At the age of three he was taught Greek. By the age of eight he had read Aesop's Fables, Xenophon's Anabasis, and the whole of Herodotus, and was acquainted with Lucian, Diogenes Laërtius, Isocrates and six dialogues of Plato. He had also read a great deal of history in English and had been taught arithmetic, physics and astronomy.He continued his studies and at fourteen he spent a year in France. He met other intellectuals and became pen pals with Auguste Comte, the creator of sociology. When he was twenty he suffered a nervous breakdown, which he blamed on his rigorous studies. He recovered in time, in part through the poetry of Wordsworth.
At the age of eight he began studying Latin, the works of Euclid, and algebra, and was appointed schoolmaster to the younger children of the family.
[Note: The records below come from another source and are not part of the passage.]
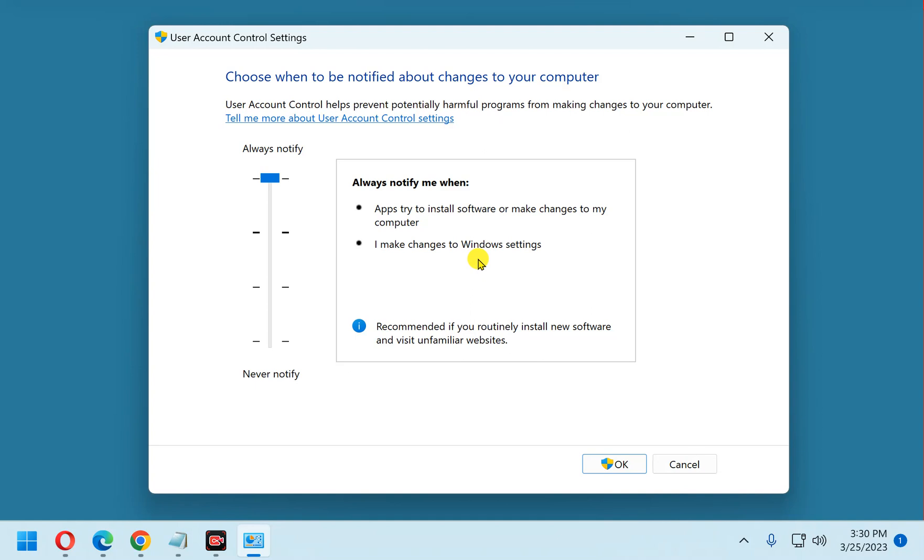As you can see, that greatly enhances the security of your machine, because no app can now come into your system or malware and try to make a change pretending to be you.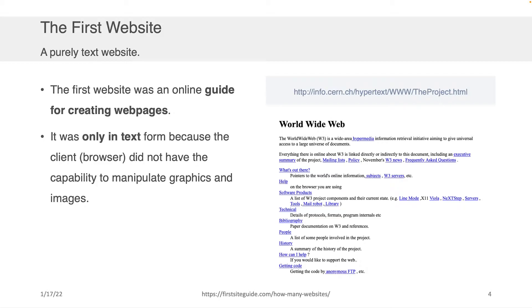The first website that existed was an online guide for creating web pages — that's what's shown on the right-hand side. The website was only in text because the browsers at that time didn't have the capability to manipulate graphics or display images, so everything was just done in text.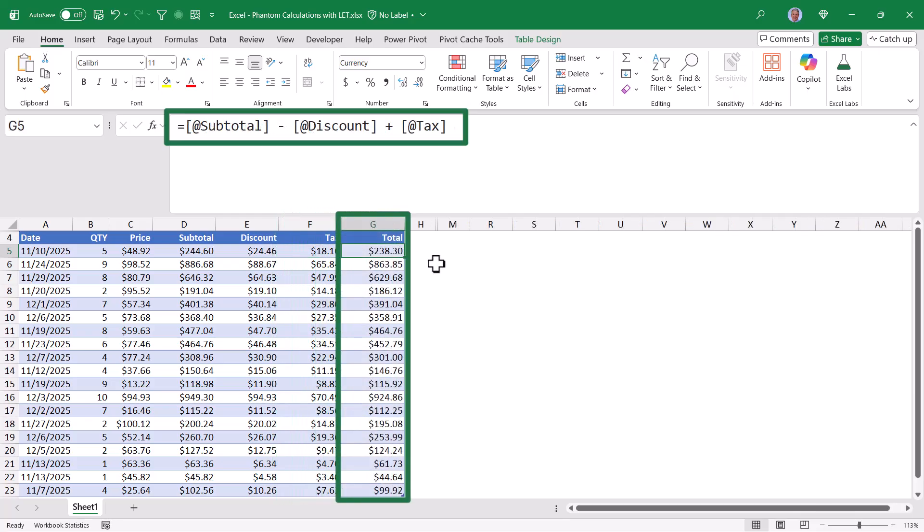And then finally, the total, which is just the subtotal, minus the discount, plus the tax.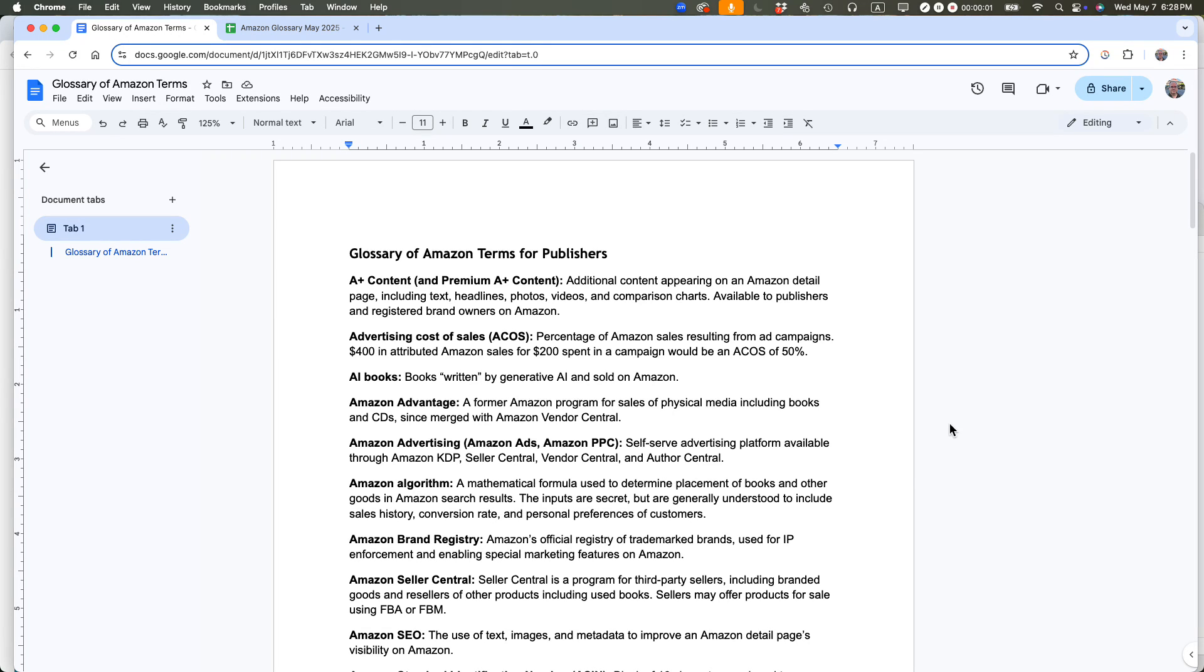This is Ian Lamont, author of Google Drive and Google Docs in 30 minutes. Here's the quick way to add a logo to a header in Google Docs. Let's get started.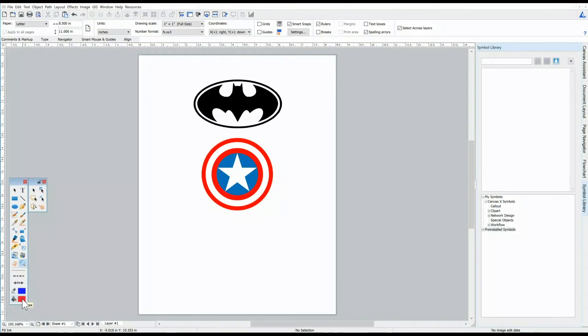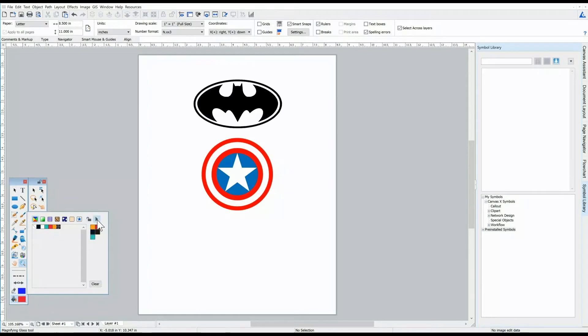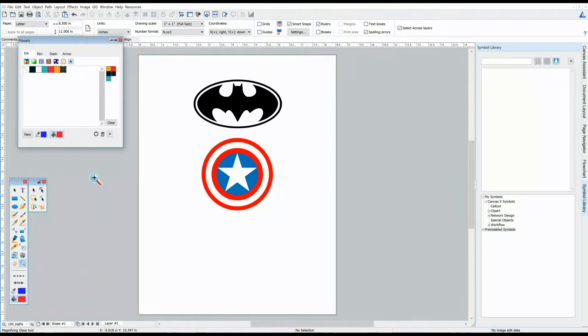In the last video, we learned how to create our own palette of colors in the Color Presets window. We're going to learn how to apply these colors to rasterized images and vectored objects.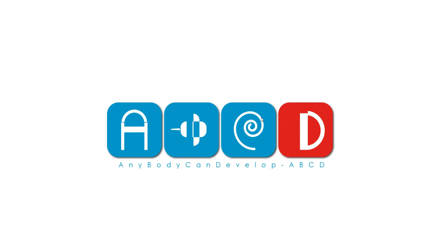Hello future developers, welcome to another tutorial with ABCD - Anybody Can Develop. Today I'm going to show you another tool that I've just discovered, which is Waves, how to add waves to your UI, your Figma projects.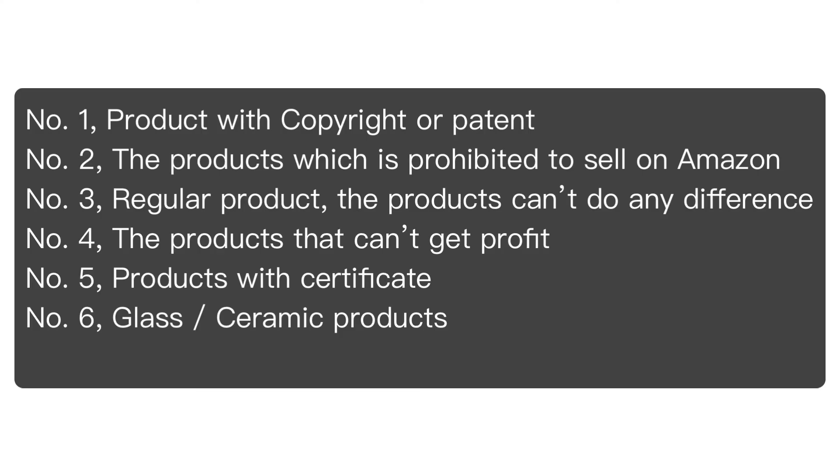The last tip is don't sell the glass, ceramic products. It's a long-distance transportation from China to US or UK or any other Amazon warehouse. The product is easy to get damaged. I have one customer who sells this kind of products. You know, he gets a lot of bad reviews. And finally, he has a lot of bad reviews.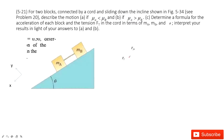Welcome to my channel. I'm Zhang Jingshu. Let's work on problem 21 in chapter 5. This is the follow-up problem for problem 20. We still have two boxes A and B on a slope, and we need to find the acceleration of the system and the tension between each axis in two situations.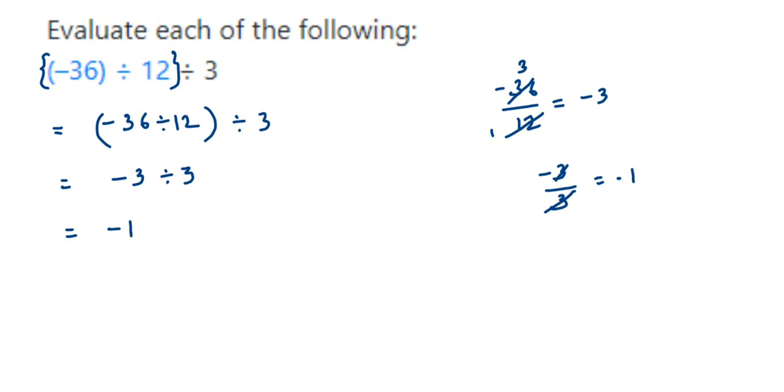Whenever you solve this kind of questions there will always be brackets given. So if the brackets are given, you have to follow the bracket first, solve the bracket part first, and then proceed further.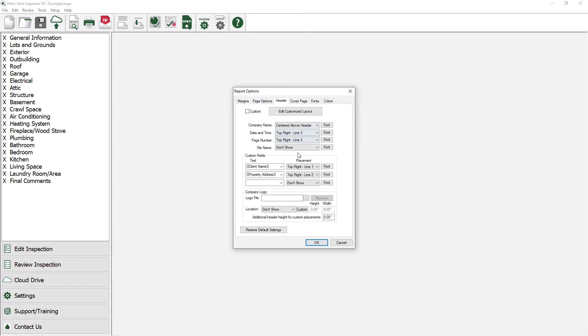On this tab, we have a series of options to set up the page header the way we want. At the bottom of this tab, we have a section for a company logo and a few settings related to how the logo shows up.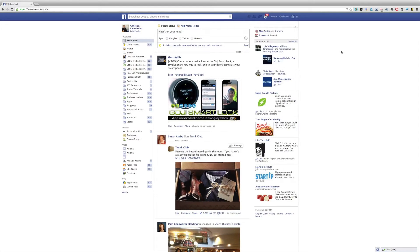Did you know you have two Facebook inboxes? One is your main inbox and the other one is an other inbox. The main inbox contains messages from people you have a connection with, while the other inbox contains messages from people you don't know. When you get a message in the other inbox, you don't get notified, so a lot of times it will actually build up.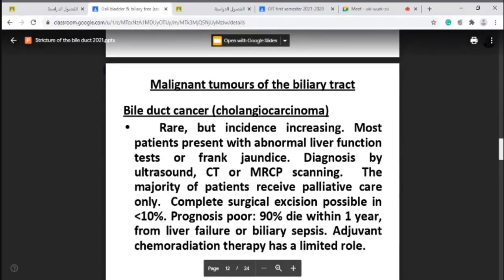MRCP — magnetic resonance cholangiopancreatography — is without contrast. The bile itself acts as a contrast. Similarly in urology, MRU is used without contrast in obstructive disease. MRCP can diagnose cholangiocarcinoma or any site of obstruction of the biliary tree.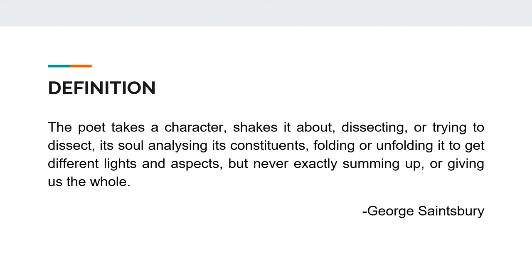Sainsbury comments on the Dramatic Monologue in these words: the poet takes a character, shakes it about, dissecting or trying to dissect its soul, analyzing its constituents, folding or unfolding it to get different lights and aspects, but never exactly summing up or giving us the whole.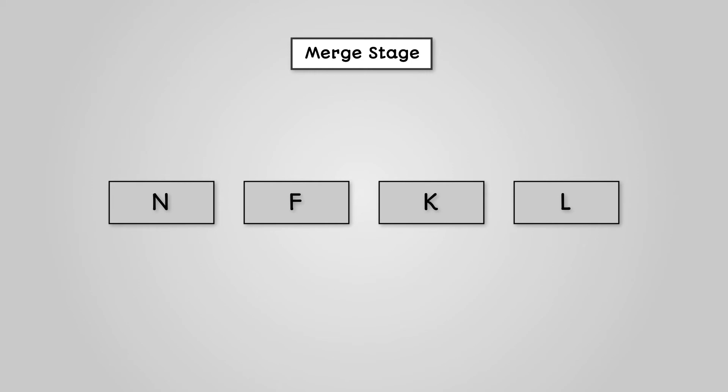First we have to swap our individual letters around in the pairs they were split up into. So our two letters on the left, N and F, have to be swapped around as F is before N in the alphabet. The two letters on the right do not need to be swapped around as they are already in alphabetical order.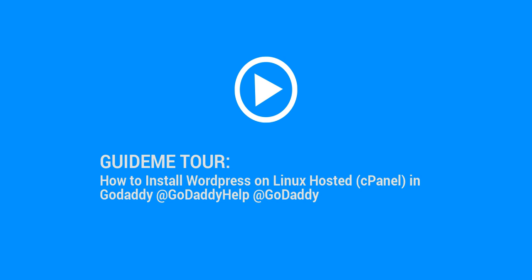Welcome to GuideMe.io, let's learn how to install WordPress on Linux-hosted cPanel in GoDaddy.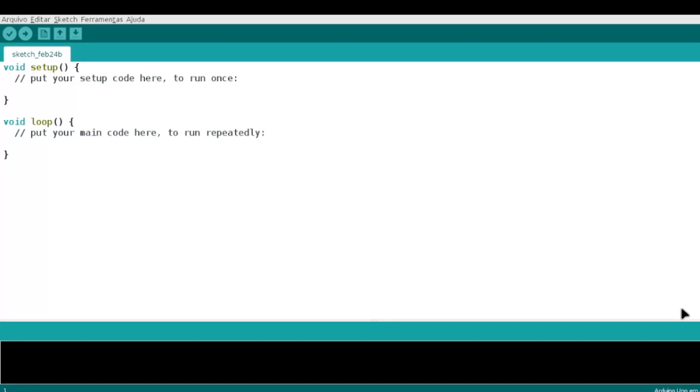E aí pessoal, tranquilo, tudo bem? Devanir aqui. E hoje a gente vai fazer um player feito com uma banana. A banana, no caso, vai ser o nosso botão, o nosso ativador para tocar a música.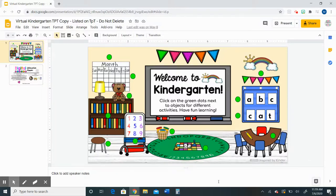Hi there! Thank you so much for your interest in my virtual classroom. In this video I will explain a little bit about the product and also explain to you how you can easily customize the product to fit your classroom needs.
His main reading was still history, but he went through all the commonly taught Latin and Greek authors and by the age of ten could read Plato and Demosthenes with ease. His father also thought that it was important for Mill to study and compose poetry. One of Mill's earliest poetry compositions was a continuation of the Iliad. In his spare time, he also enjoyed reading about natural sciences and popular novels, such as Don Quixote and Robinson Crusoe.
Mill refused to go to either Oxford or Cambridge because he wouldn't subscirbe to the 39 Articles of the Church of England. Instead he attended lectures at University College in London.
When Mill was 45, he married a long term friend of his, Harriet Taylor. In part from association with her, he became an advocate of women's rights. He credited her with help as he was writing 'On Liberty'. He published it shortly after her death, seven years after they married.
Later in life, Mill served in Parliament and was the first person there to call for the right of women to vote. He was in favor of unions and farm co-ops. He was the godfather to Bertrand Russell(!).
Mill died in 1873 while living in Avignon. His last words were "You know that I have done my work."